Consolation has been on anti-inflammatories for 2 days now, and she is a much happier horse. Her whole aspect is brighter. She’s relaxed and no longer suspicious about being handled. Her skin is still strange (a bit crinkly under the haircoat, with those strange black flakes) in the affected areas, but the heat, swelling, and tenderness have vanished. Because the saddle area is all clear, I’m going to go ahead and try riding her this afternoon. Stay tuned.

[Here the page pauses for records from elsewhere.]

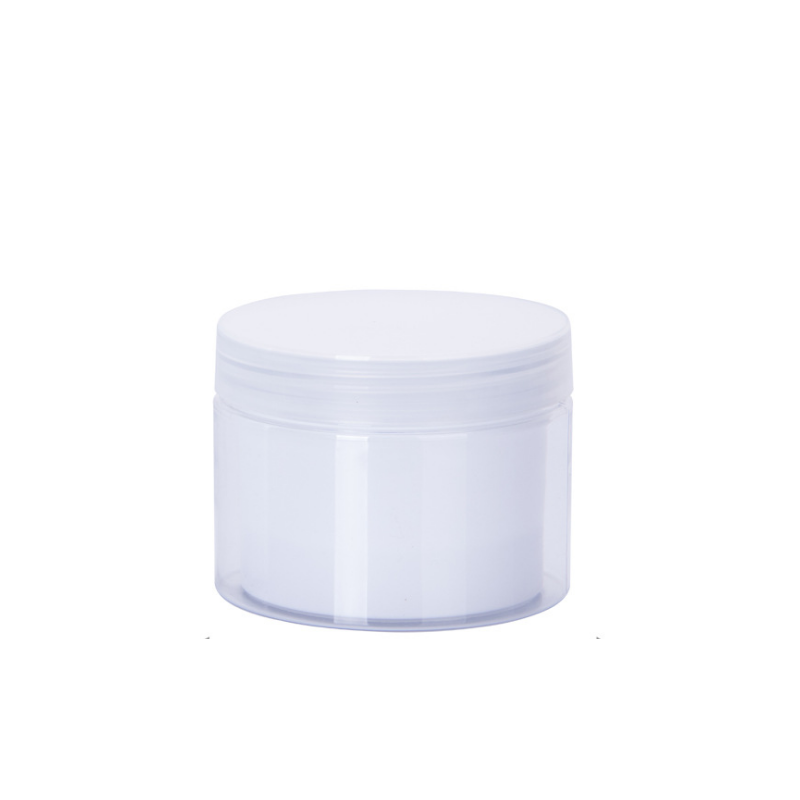 new products 100g cream jar cosmetic jar double wall round hair paste Facial Cream wrinkle smoothing cream jar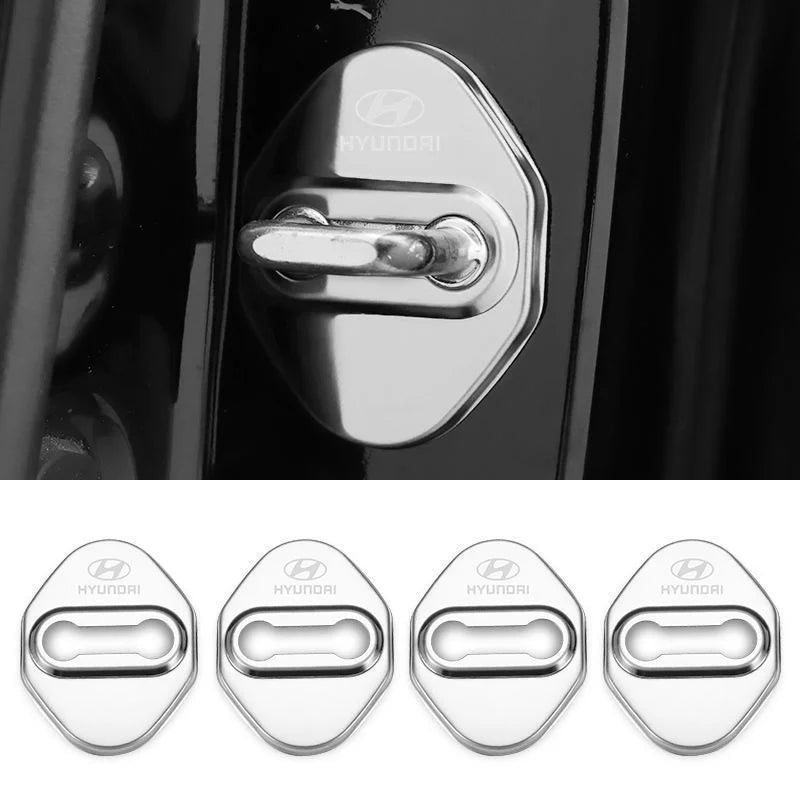 Luxury Car Door Lock Protection Pads | Set of 4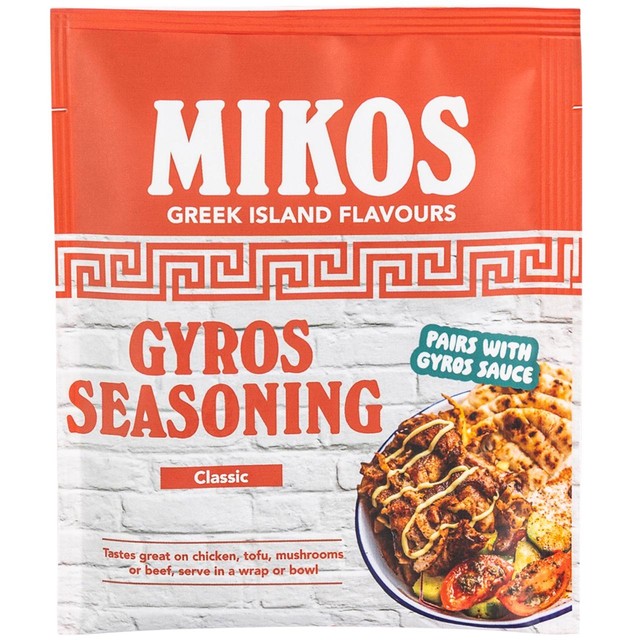 MIKOS Greek Gyros Seasoning packet, UK version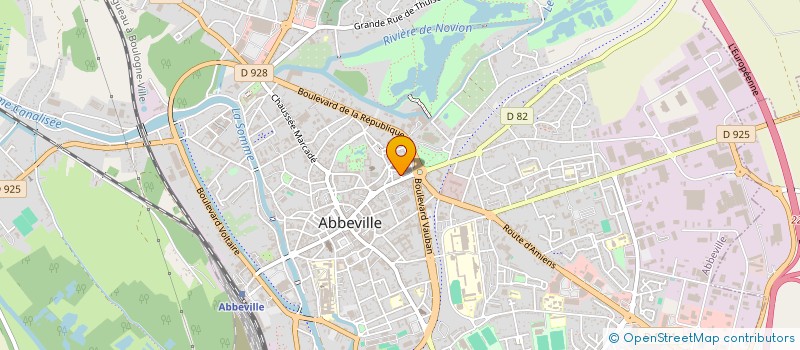 localisation de l'entreprise SCI SOURIRE à ABBEVILLE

Acey is moving right along toward her first endurance ride. On Sunday, we did 11 miles at a decent race pace of aboaut 7 mph (for beginning distance accumulation, obviously, not winning) in the sandy hills near Adrian. I like this route because it includes 3 sustained climbs for strength and an interval effect when taken at a steady pace, plus long stretches of gently rolling hills that can be trotted with only a couple breaks to walk down steep grades.
Monday afternoon, her legs were firm and cool and her eyes bright, so we saddled up for a speed ride. The maintainance road for the irrigation canal a mile from In the Night Farm makes a perfect track: packed-sand footing, no traffic, nearly flat for a good 6 miles, and a few duck fly-ups to keep things interesting. I like to use this route for the occasional evening trail ride, but it’s even better for sustained, fast trots and extended canters.
Garmin was busy charging, so I didn’t get to record our actual speed and distance. I’d guess we travelled about 7 miles at an average of 10-12 mph — not bad for a 13.1 pony. That that was our cruising speed, though. The workout was periodically interrupted by Acey’s need to ogle the cows and calves populating the BLM land on the opposite side of the canal. By the end of the ride, she was pretty much over it, so hopefully that won’t be as much of an issue next time.
Acey consistently surprises me with her recoveries. I’m going on perception here, but she never seems to get really winded, and she has plenty of spring left to offer just minutes after finishing a hour of effort. I should hook up the heart rate monitor so I can watch what’s really going on.